SUÇLULAR YARGILANSA…
O dönem birçok delilin es geçildiğini paylaşan Sinemillioğlu, olayların hemen ardından İstanbul Barosu adına gidip sıkıyönetim komutanı ve dönemin valisiyle görüştüğünü belirterek, “Valilik bazı telefonları tespit etmişti. Ancak onlar valinin emriyle soruşturma dışında kaldı. Sonra o telefonlar MİT raporlarında da ortaya çıktı. Devlet cumhuriyetin kuruluşu döneminden beri bu tür olayların davalarında kendinden olmayana karşı yapılan her türlü zulmü göstermelik olarak yargılamıştır. Yargılama olması için yargılamıştır. Devlet Maraş’ta da aynı şeyi yaptı. Sivas’ta da aynı şey oldu. Gerçek suçluları ortaya çıkartıp yargılasalar bir daha böyle şeyler için insanları kullanamazlar” dedi.
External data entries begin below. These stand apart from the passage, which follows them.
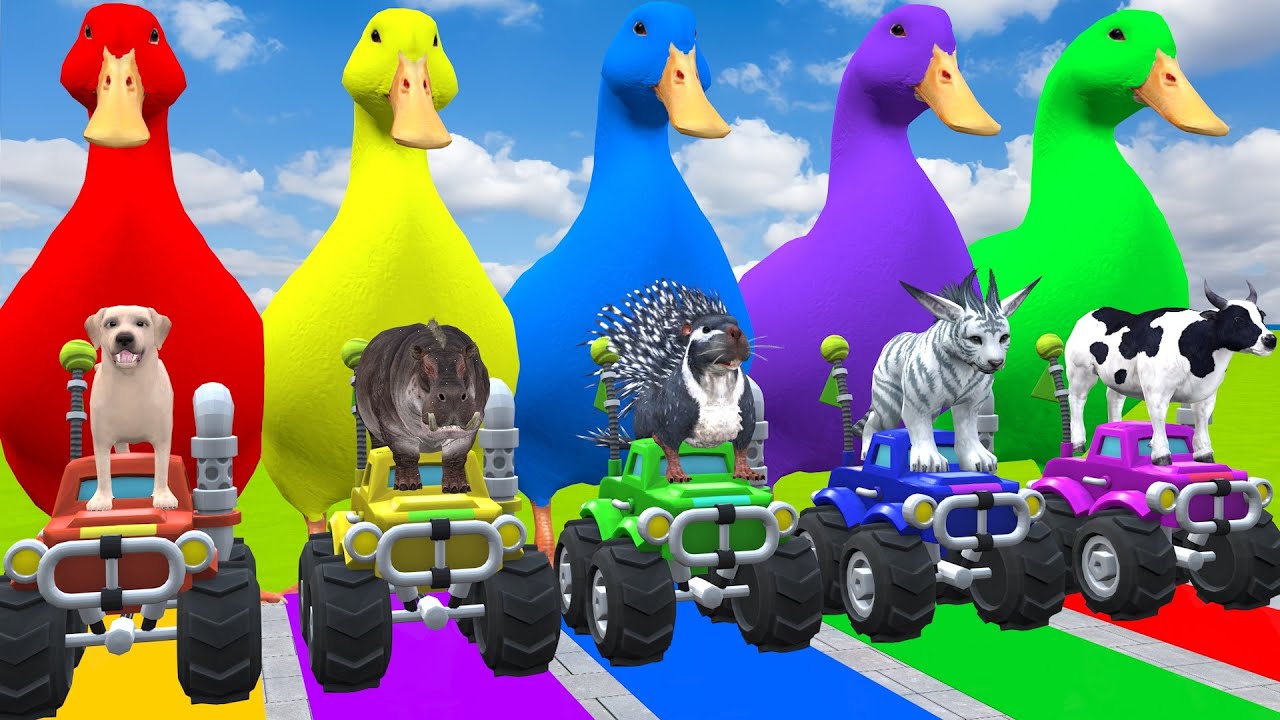 Long Slide Game With Elephant Gorilla Buffalo Hippopotamus Tiger 3d Animal Game Funny 3d Animals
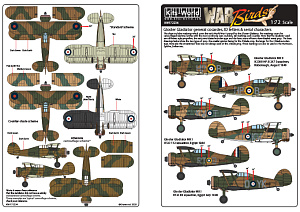 Decal 1/72 Gloster Gladiator general cocardes, ID letters & serial characters (Kits-World)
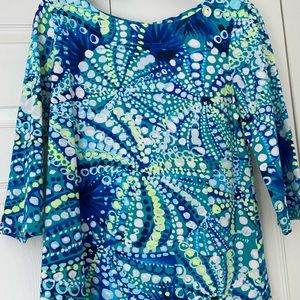Lilly Pulitzer boat neck, Sea Urchin colorful print top.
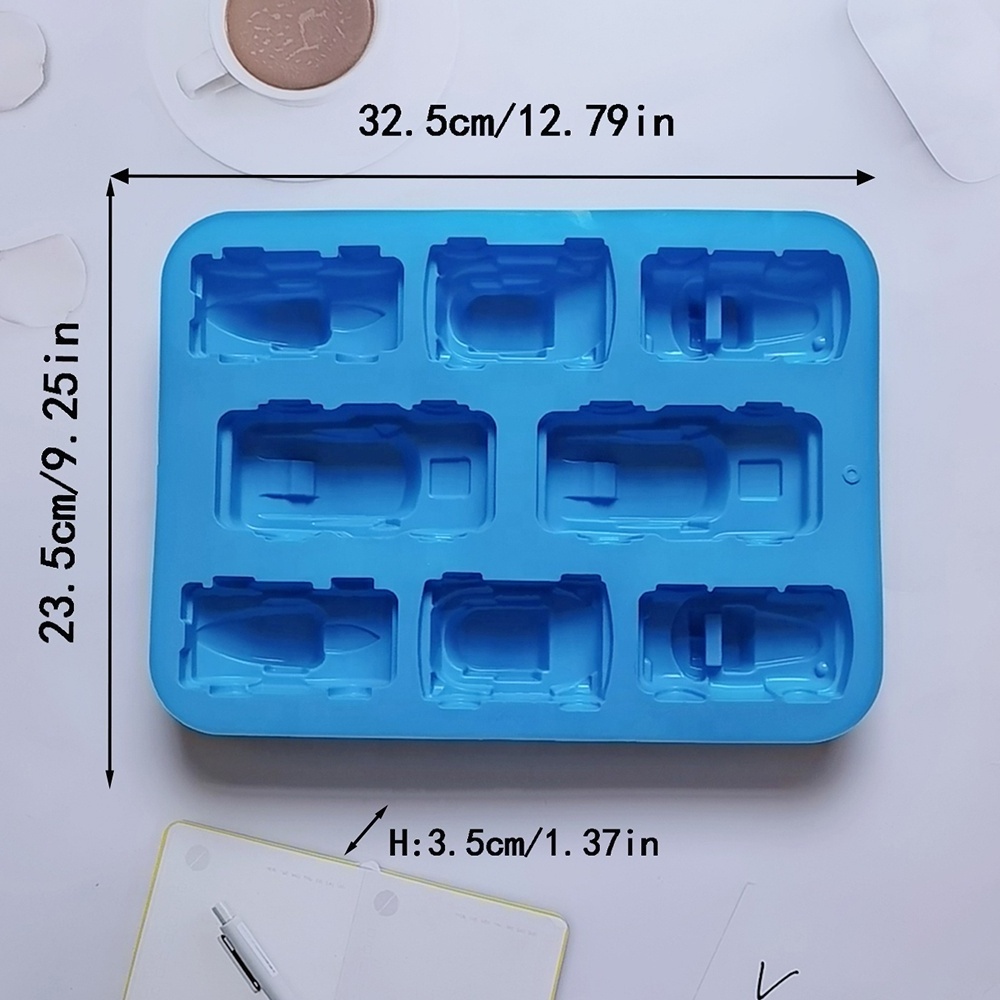 8 Holes Car Shape 3D Silicone Cake Mold Handmade Pastry Jelly Egg Tart Bread Mold Baking Mold Cake Decoration Tools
‘CENAZELER GEÇ TESLİM EDİLDİ’
Katliama tanıklık eden ve olaydan bir yıl sonra yakalanarak çarptırıldığı idam cezasından Yargıtay’ın kararıyla kurtulan Hamit Kapan, katliamda yaşadıklarını anlattı. 2 öğretmenin öldürülmesinin ardından cenaze töreni için kurulan komitenin içinde olduğunu aktaran Kapan, şöyle devam etti: “Cuma sabahı mahalledeki hastanenin orada korteji oluşturmaya başladık. Korteje giren insanlar 3 defa aramadan geçirildi. Deyim yerindeyse oluşacak bir çatışma durumunda çıplak bırakıldık. Biz olayların daha da büyüyeceğini beklemiyorduk. Arkasından daha büyük şeylerin planladığını bilmiyorduk. Hastane başhekimi otopsi yapıldığını bahane ederek, cenazeleri Cuma namazına yakın bir zamanda verdi. Yörükselim şehrin bir ucunda, mezarlık da diğer ucunda, mecburen şehri dolaşacaktık. Şehrin en eski camisi olan Ulu Camii’ne yaklaştığımızda askerler bizi durdurdu. Camiyle karşı karşıyayız. Orada o güne kadar camide göremediğimiz bir kalabalıkla karşılaştık.”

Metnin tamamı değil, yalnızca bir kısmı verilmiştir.